USFDA Guidances: Topical Generic Drug Products - ANDAs

Yesterday (October 21, 2022) USFDA Released multiple New draft guidelines providing guidance on topical generic drug product physicochemical and structural characterization tests, in vitro release tests (IVRT), and in vitro permeation tests (IVPT).

These draft guidances aim to support applicants who are submitting abbreviated new drug applications (ANDAs) for liquid-based and semisolid products applied to the skin, including integumentary and mucosal (such as vaginal) membranes or to the “topical products” skin.

Guidance: Physicochemical and Structural (Q3) Characterization of Topical Drug Products Submitted in ANDAs Draft Guidance This draft guidance provides general recommendations for Q3 characterization tests that can be used

1) to assess whether a proposed generic (test) topical product and its reference standard are in the same dosage form

2) to describe properties of the drug product that may be critical to its performance

Guidance: In Vitro Release Test (IVRT) Studies for Topical Drug Products Submitted in ANDAs Draft Guidance

An IVRT study is used to assess the rate of release of an active ingredient from a topical product.
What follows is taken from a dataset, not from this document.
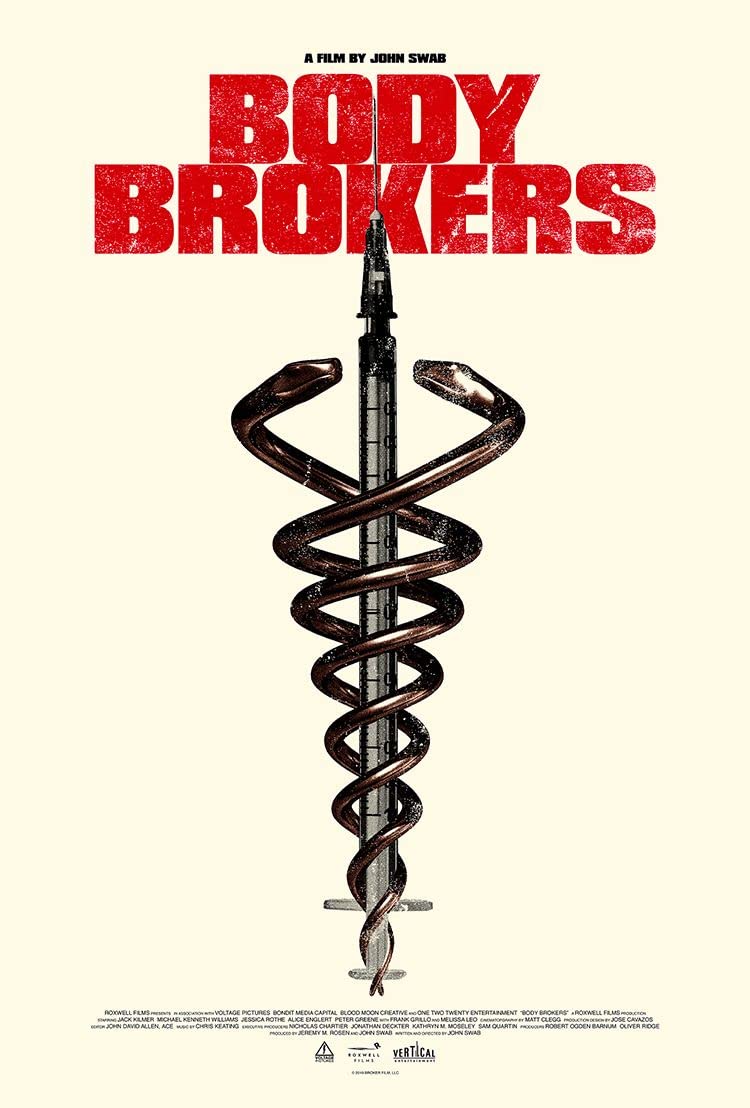 Body Brokers (2021) WEBRip 1080p HD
In this draft guidance, general recommendations are provided for IVRT studies comparing a generic (test) topical product with its reference standard in order to demonstrate bioequivalence.

Guidance: In Vitro Permeation Test (IVPT) Studies for Topical Drug Products Submitted in ANDAs Draft Guidance

An IVPT study can be used to determine how quickly and how much active ingredients from a topical product reach the site of action in the skin and can be used to characterize and compare the bioavailability of a drug between a reference and test topical product.

The purpose of this draft guidance is to provide general recommendations for IVPT studies that compare a generic product against its reference product in order to demonstrate bioequivalence.

Guidance: Topical Dermatologic Corticosteroids: In Vivo Bioequivalence

To assist applicants submitting ANDAs for topical dermatologic corticosteroid products, this guidance describes recommendations for in vivo studies demonstrating bioequivalence and also provides clarity for potential ANDA applicants on the appropriate pilot and pivotal studies and other recommendations for the pharmacodynamic approach to assessing the bioequivalence of topical dermatologic corticosteroids.